=== Section Start ===

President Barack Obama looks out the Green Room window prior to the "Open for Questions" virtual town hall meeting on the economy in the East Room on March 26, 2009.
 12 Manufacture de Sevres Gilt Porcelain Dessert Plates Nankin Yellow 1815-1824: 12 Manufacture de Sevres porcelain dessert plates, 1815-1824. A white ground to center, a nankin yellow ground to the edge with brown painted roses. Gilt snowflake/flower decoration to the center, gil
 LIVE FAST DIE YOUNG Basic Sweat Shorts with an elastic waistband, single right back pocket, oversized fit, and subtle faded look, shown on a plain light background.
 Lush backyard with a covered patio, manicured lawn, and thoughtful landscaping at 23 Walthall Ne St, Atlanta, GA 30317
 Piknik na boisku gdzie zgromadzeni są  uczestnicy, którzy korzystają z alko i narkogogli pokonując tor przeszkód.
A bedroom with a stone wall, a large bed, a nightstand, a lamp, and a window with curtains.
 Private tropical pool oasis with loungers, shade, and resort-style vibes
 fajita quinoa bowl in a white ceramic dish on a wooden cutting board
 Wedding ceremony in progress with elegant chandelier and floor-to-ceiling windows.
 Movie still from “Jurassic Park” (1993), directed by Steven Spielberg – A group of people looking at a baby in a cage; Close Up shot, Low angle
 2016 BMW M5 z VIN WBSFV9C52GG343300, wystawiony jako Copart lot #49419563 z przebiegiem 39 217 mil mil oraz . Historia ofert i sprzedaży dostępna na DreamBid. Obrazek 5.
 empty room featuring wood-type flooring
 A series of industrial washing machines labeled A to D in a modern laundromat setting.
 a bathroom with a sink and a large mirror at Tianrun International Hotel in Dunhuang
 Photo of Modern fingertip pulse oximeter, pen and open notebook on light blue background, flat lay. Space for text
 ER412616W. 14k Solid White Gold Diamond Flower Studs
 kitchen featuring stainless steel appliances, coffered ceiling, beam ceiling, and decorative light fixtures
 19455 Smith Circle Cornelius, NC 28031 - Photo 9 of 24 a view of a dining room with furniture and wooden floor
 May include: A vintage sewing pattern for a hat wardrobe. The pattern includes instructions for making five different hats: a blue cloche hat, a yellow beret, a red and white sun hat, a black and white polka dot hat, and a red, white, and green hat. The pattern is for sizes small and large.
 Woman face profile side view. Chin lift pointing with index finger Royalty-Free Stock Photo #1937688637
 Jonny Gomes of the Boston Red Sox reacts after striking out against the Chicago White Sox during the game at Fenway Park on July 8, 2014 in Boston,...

=== Section End ===

Reproduce all lines from the records above that include the word "wooden".

 fajita quinoa bowl in a white ceramic dish on a wooden cutting board
 19455 Smith Circle Cornelius, NC 28031 - Photo 9 of 24 a view of a dining room with furniture and wooden floor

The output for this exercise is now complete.